FRANS STEYN (SHARKS)
Steyn is a match-winner. He’s clinched some big Tests for the Boks – think of the two drop goals against Australia in 2007 and the penalty in the monumental win at the House of Pain in 2009, to name but two – and has also been hailed for his consistent contributions as a ball-carrier and tactical kicker. It was Steyn’s physicality that helped the Sharks to an unlikely win in the 2013 Currie Cup final against Western Province, and it’s that sort of gainline dominance the Sharks will expect in the 2014 Super Rugby competition. His prodigious boot is an asset whether it’s used to win territory, hit drop goals, or kick long-range penalties. Many will argue that there are more exciting players in that Sharks backline worthy of mention, but none of them are as important to the Durban side’s prospects.

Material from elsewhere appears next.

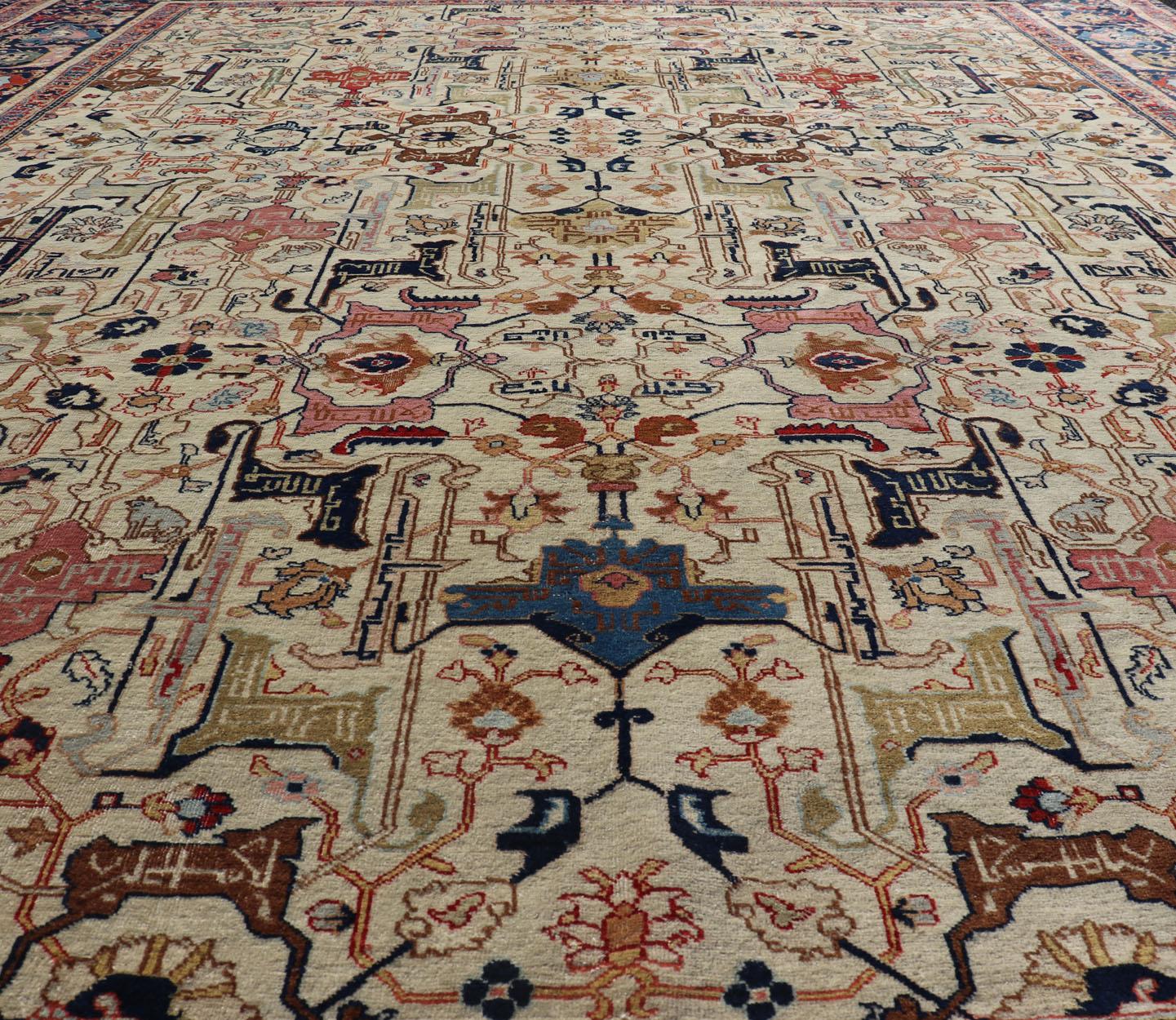 Antiker persischer Täbriz-Teppich aus Wolle mit allseitigem subgeometrischem Design (Tabriz) im Angebot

Perhaps it is that ability to bisect the posts from within his own half that is most valuable. Indeed, at the 2011 World Cup, many opposition teams admitted that the threat of Steyn’s siege-gun boot had forced them to alter their tactics. Opposing sides in the Super Rugby tournament will feel the same way. Steyn is that sort of player, one who invades the very psyche of the opposition.

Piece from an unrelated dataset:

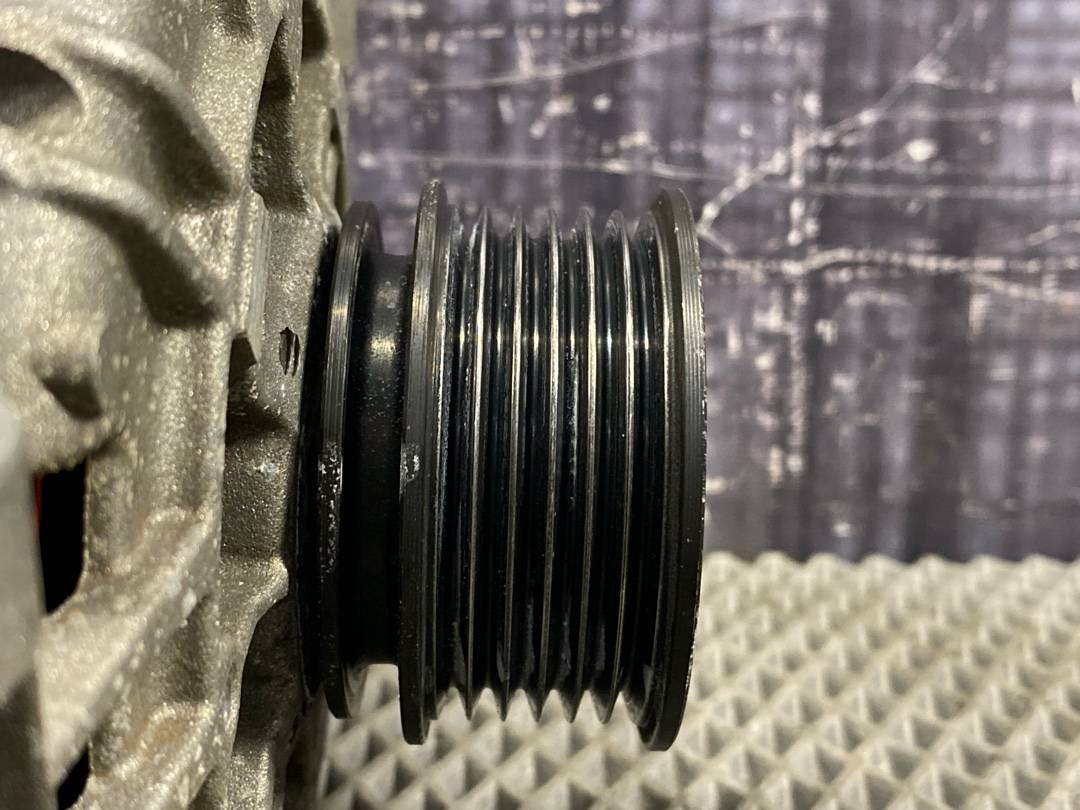 Генератор, 7716 рублей, Красноярск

DEMETRI CATRAKILIS (STORMERS)
The sooner the Stormers realise Catrakilis is the future at flyhalf, the sooner they will move towards a more complete game plan. Catrakilis kicked Western Province to victory in the 2012 Currie Cup final over the Sharks, and spearheaded some famous wins for the Southern Kings in their debut Super Rugby season in 2013. Now back with the Stormers, who boast a solid pack of forwards and the best defensive system in Super Rugby, he will be expected to contribute in the tactical kicking department and provide the Cape side with what they have lacked for too long: a means to win the territorial battle. An underrated player on attack, Catrakilis’s decision-making and vision often meant the difference for the Kings in 2013. His excellent goal-kicking and penchant for the drop goal during the 2013 tournament marked him as one of the standout newcomers to the competition, and opposition teams should be wary of that threat in 2014. It may be a stretch to suggest Catrakilis will prove the answer to all the Stormers’ attacking problems, but his inclusion should at the very least see them improving on their poor 2013 campaign and competing strongly for a semi-final berth in 2014.